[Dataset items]
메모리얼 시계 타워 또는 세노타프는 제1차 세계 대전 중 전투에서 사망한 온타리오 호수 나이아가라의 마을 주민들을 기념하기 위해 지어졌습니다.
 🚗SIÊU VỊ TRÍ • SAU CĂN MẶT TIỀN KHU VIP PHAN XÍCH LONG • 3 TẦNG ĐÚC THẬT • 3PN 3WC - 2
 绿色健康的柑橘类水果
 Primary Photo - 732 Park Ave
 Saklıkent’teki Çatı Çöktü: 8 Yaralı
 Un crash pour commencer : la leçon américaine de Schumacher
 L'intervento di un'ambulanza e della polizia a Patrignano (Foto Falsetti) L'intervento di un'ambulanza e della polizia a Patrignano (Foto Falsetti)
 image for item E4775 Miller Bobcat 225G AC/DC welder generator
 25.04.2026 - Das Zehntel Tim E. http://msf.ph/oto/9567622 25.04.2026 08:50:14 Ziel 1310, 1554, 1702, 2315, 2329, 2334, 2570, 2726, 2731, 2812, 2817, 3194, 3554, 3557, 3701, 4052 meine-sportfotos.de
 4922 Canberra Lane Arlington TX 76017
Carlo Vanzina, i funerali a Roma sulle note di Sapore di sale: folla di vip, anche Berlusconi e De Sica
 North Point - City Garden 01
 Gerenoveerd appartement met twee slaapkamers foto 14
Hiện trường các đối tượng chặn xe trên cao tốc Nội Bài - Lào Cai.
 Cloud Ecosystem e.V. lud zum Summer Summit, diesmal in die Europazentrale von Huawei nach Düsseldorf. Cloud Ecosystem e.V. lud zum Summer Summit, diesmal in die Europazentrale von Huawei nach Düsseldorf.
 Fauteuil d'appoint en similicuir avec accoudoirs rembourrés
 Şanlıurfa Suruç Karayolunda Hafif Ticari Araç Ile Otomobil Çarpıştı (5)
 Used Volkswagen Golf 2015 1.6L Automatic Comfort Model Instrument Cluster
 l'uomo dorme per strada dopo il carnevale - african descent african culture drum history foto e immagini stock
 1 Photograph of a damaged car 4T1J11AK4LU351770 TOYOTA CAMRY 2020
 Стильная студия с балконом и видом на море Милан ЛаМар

TASK INSTRUCTIONS: An unaltered transcription of all the data above is needed.

ANSWER AREA:
메모리얼 시계 타워 또는 세노타프는 제1차 세계 대전 중 전투에서 사망한 온타리오 호수 나이아가라의 마을 주민들을 기념하기 위해 지어졌습니다.
 🚗SIÊU VỊ TRÍ • SAU CĂN MẶT TIỀN KHU VIP PHAN XÍCH LONG • 3 TẦNG ĐÚC THẬT • 3PN 3WC - 2
 绿色健康的柑橘类水果
 Primary Photo - 732 Park Ave
 Saklıkent’teki Çatı Çöktü: 8 Yaralı
 Un crash pour commencer : la leçon américaine de Schumacher
 L'intervento di un'ambulanza e della polizia a Patrignano (Foto Falsetti) L'intervento di un'ambulanza e della polizia a Patrignano (Foto Falsetti)
 image for item E4775 Miller Bobcat 225G AC/DC welder generator
 25.04.2026 - Das Zehntel Tim E. http://msf.ph/oto/9567622 25.04.2026 08:50:14 Ziel 1310, 1554, 1702, 2315, 2329, 2334, 2570, 2726, 2731, 2812, 2817, 3194, 3554, 3557, 3701, 4052 meine-sportfotos.de
 4922 Canberra Lane Arlington TX 76017
Carlo Vanzina, i funerali a Roma sulle note di Sapore di sale: folla di vip, anche Berlusconi e De Sica
 North Point - City Garden 01
 Gerenoveerd appartement met twee slaapkamers foto 14
Hiện trường các đối tượng chặn xe trên cao tốc Nội Bài - Lào Cai.
 Cloud Ecosystem e.V. lud zum Summer Summit, diesmal in die Europazentrale von Huawei nach Düsseldorf. Cloud Ecosystem e.V. lud zum Summer Summit, diesmal in die Europazentrale von Huawei nach Düsseldorf.
 Fauteuil d'appoint en similicuir avec accoudoirs rembourrés
 Şanlıurfa Suruç Karayolunda Hafif Ticari Araç Ile Otomobil Çarpıştı (5)
 Used Volkswagen Golf 2015 1.6L Automatic Comfort Model Instrument Cluster
 l'uomo dorme per strada dopo il carnevale - african descent african culture drum history foto e immagini stock
 1 Photograph of a damaged car 4T1J11AK4LU351770 TOYOTA CAMRY 2020
 Стильная студия с балконом и видом на море Милан ЛаМар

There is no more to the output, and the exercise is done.